Inflation began coming down, at least in the US, in the late summer to early autumn. This coincided with the equity market lows, the question remains however, how far is it set to fall and for how long.
At present workers appear to have a very strong negotiating position, as current levels of demand and a reducing labour force mean that labour shortages persist in most western economies. This means that wages are growing strongly, although in many cases not as fast as CPI (Consumer Price Index) inflation. This will only change in the case that the economy slows materially, to the point that there is excess labour again. Basically, unemployment will rise enough to ease wage cost inflation in the event of a recession.

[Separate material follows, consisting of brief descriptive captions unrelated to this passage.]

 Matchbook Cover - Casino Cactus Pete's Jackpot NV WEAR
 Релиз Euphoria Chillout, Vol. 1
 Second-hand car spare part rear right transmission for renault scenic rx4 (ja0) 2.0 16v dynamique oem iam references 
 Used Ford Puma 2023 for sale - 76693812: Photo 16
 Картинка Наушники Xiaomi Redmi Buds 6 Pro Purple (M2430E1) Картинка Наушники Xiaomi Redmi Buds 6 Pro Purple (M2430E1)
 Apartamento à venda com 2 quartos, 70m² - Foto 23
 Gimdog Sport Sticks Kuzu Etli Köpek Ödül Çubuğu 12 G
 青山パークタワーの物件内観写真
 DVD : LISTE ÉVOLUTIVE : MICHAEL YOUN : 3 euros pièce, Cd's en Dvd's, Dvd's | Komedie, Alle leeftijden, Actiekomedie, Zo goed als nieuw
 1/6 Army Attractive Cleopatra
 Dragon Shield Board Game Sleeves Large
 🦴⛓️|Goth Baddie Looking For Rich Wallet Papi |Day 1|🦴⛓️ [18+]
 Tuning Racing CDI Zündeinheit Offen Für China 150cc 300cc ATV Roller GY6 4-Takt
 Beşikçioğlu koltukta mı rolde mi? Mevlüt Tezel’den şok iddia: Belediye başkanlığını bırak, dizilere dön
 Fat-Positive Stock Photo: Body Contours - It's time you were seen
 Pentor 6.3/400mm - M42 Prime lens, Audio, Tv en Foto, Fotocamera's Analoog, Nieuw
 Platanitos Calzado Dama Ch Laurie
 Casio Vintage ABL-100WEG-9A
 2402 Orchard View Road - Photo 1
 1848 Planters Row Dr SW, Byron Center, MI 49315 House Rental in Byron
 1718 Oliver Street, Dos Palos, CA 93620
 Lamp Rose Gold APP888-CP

Despite rising prices, consumers balance sheets are still strong, at least in the US, where most mortgages are long term and on fixed rates. One possible, disinflationary impact might be a material fall in house prices and rents, as higher interest rates bite into house prices.
Canned economic heat
In the case of government spending, much of this is inflation linked, such as health and social care benefits. These are particularly difficult to reduce in real terms, particularly as basic necessities are increasing in price faster than overall inflation. At the same time the heavily unionised public sector workforce is a substantial part of the voting public and elections are looming. In the UK measures to address the ‘cost of living crisis’ are unlikely to address its causes, but only address its effects on targeted groups. The cause is an overheated economy, as a consequence of excessive stimulus from both the central banks and governments during the lockdowns.
Energy is having a disinflationary effect, at least at present, although this will reduce as the year goes on. Policy in the West remains highly supportive of high energy prices, both in the form of fossil fuel restrictions and subsidies for renewables. The same can be said for most raw materials.
No pain, no gain?
We are still of the view that the only plausible case for sustained low inflation in the long run involves a material amount of economic pain, something that recent policy action suggests is not a realistic option at least for now. In our view, central banks have to continue to tighten aggressively and stay tighter for much longer than markets presume.
We retain our stance that economies may slow materially, but insufficiently to fully drive inflation out of the system until consumers real incomes and balance sheets are sufficiently reduced to have a material impact on demand. Given the conflicting actions of governments and central banks this may take years of stop-start economics. This supports our ongoing thesis of the ‘rock in the pond’ economy of ever decreasing ripples until the inflationary impact of lockdowns has worked its way through.
We are positioned for a near term economic slowdown but retain a longer term bias towards assets that might benefit from inflation.